- Born: 1963 (age 62–63)
- Education: Merton College, Oxford
- Awards: Whitehead Prize (1993) Oberwolfach Prize (1998) Veblen Prize (2007) Doob Prize (2011) Leroy P. Steele Prize (2023)
- Scientific career
- Fields: Mathematics
- Workplaces: Harvard University
- Doctoral advisor: Michael Atiyah
- Doctoral students: Ciprian Manolescu

= Peter B. Kronheimer =

British mathematician (born 1963)

Peter Benedict Kronheimer (born 1963) is a British mathematician, known for his work on gauge theory and its applications to 3- and 4-dimensional topology. He is William Caspar Graustein Professor of Mathematics at Harvard University and former chair of the mathematics department.

== Education ==
Kronheimer attended the City of London School. He completed his DPhil at Oxford University under the direction of Michael Atiyah. He has had a long association with Merton College, the oldest of the constituent colleges of Oxford University, being an undergraduate, graduate, and full fellow of the college.

== Career ==
Kronheimer's early work was on gravitational instantons, in particular the classification of hyperkähler 4-manifolds with asymptotical locally Euclidean geometry (ALE spaces), leading to the papers "The construction of ALE spaces as hyper-Kähler quotients" and "A Torelli-type theorem for gravitational instantons." He and Hiraku Nakajima
gave a construction of instantons on ALE spaces generalizing the Atiyah–Hitchin–Drinfeld–Manin construction. This constructions identified these moduli spaces as moduli spaces for certain quivers (see "Yang-Mills instantons on ALE gravitational instantons.") He was the initial recipient of the Oberwolfach prize in 1998 on the basis of some of this work.

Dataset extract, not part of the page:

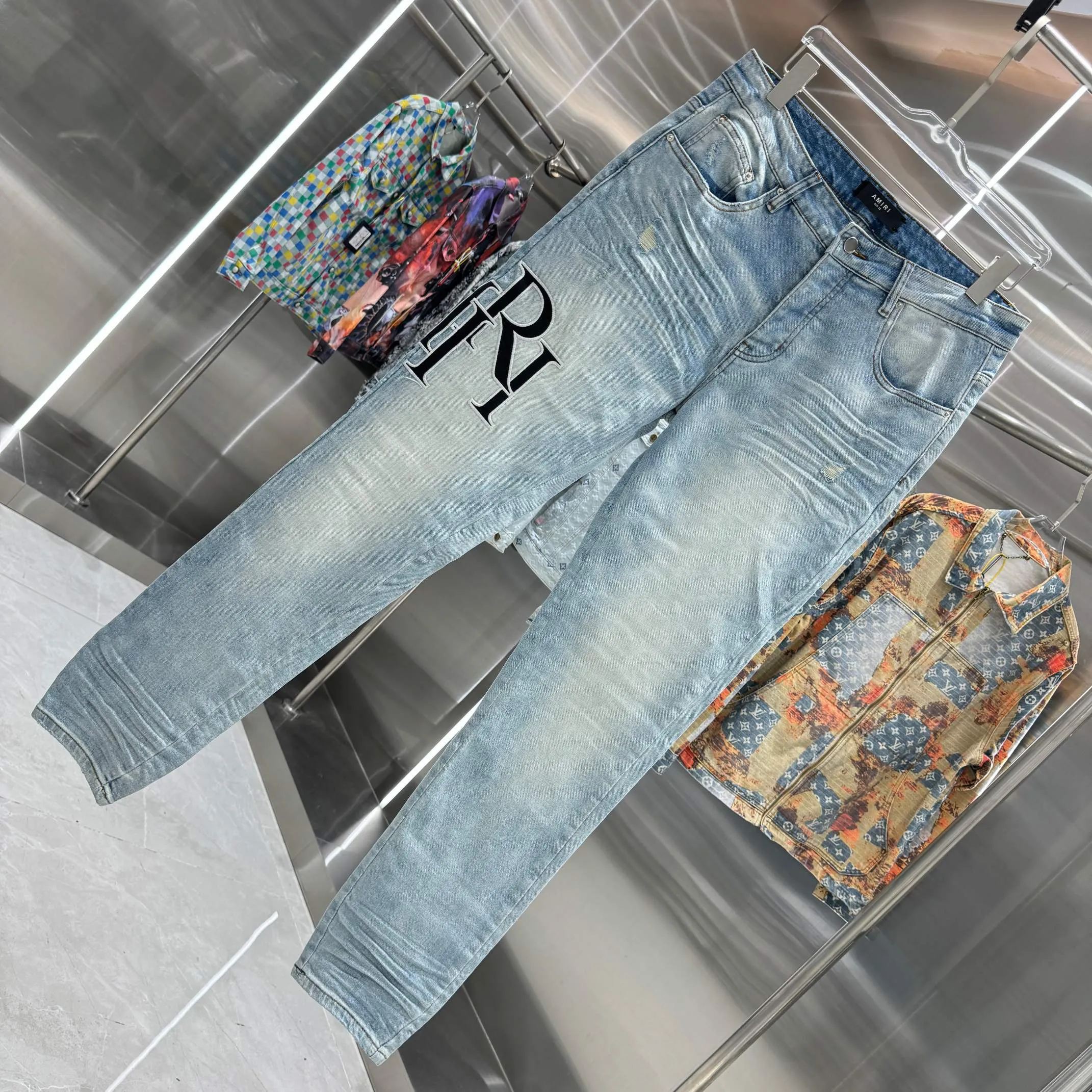 P290 Amiri letter embroidery craft street fashion slim fit stretch jeans color blue size 30 32 34 36 38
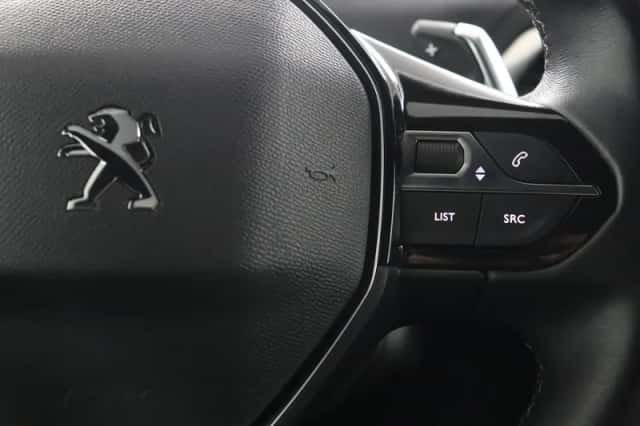 Peugeot 3008 (2023) thumbnail 17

Kronheimer has frequently collaborated with Tomasz Mrowka from the Massachusetts Institute of Technology. Their collaboration began at the Mathematical Research Institute of Oberwolfach, and their first work developed analogues of Simon Donaldson's invariants for 4-manifolds with a distinguished surface. They used the tools developed to prove a conjecture of John Milnor, that the four-ball genus of a $(p,q)$-torus knot is $(p-1)(q-1)/2$. They then went on to develop these tools further and established a structure theorem for Donaldson's polynomial invariants using Kronheimer–Mrowka basic classes. After the arrival of Seiberg–Witten theory their work on embedded surfaces culminated in a proof of the Thom conjecture—which had been outstanding for several decades. Another of Kronheimer and Mrowka's results was a proof of the Property P conjecture for knots. They developed an instanton Floer invariant for knots which was used in their proof that Khovanov homology detects the unknot.

Besides his research articles, his writings include a book, with Simon Donaldson, on 4-manifolds, and a book with Mrowka on Seiberg–Witten–Floer homology, entitled "Monopoles and Three-Manifolds". This book won the 2011 Doob Prize of the AMS.

In 1990 he was an invited speaker at the International Congress of Mathematicians (ICM) in Kyoto. In 2018 he gave a plenary lecture at the ICM in Rio de Janeiro, together with Tomasz Mrowka. In 2023 he was awarded the Leroy P. Steele Prize for Seminal Contribution to Research.

Kronheimer's PhD students have included Ian Dowker, Jacob Rasmussen, Ciprian Manolescu, Olga Plamenevskaya and Aliakbar Daemi.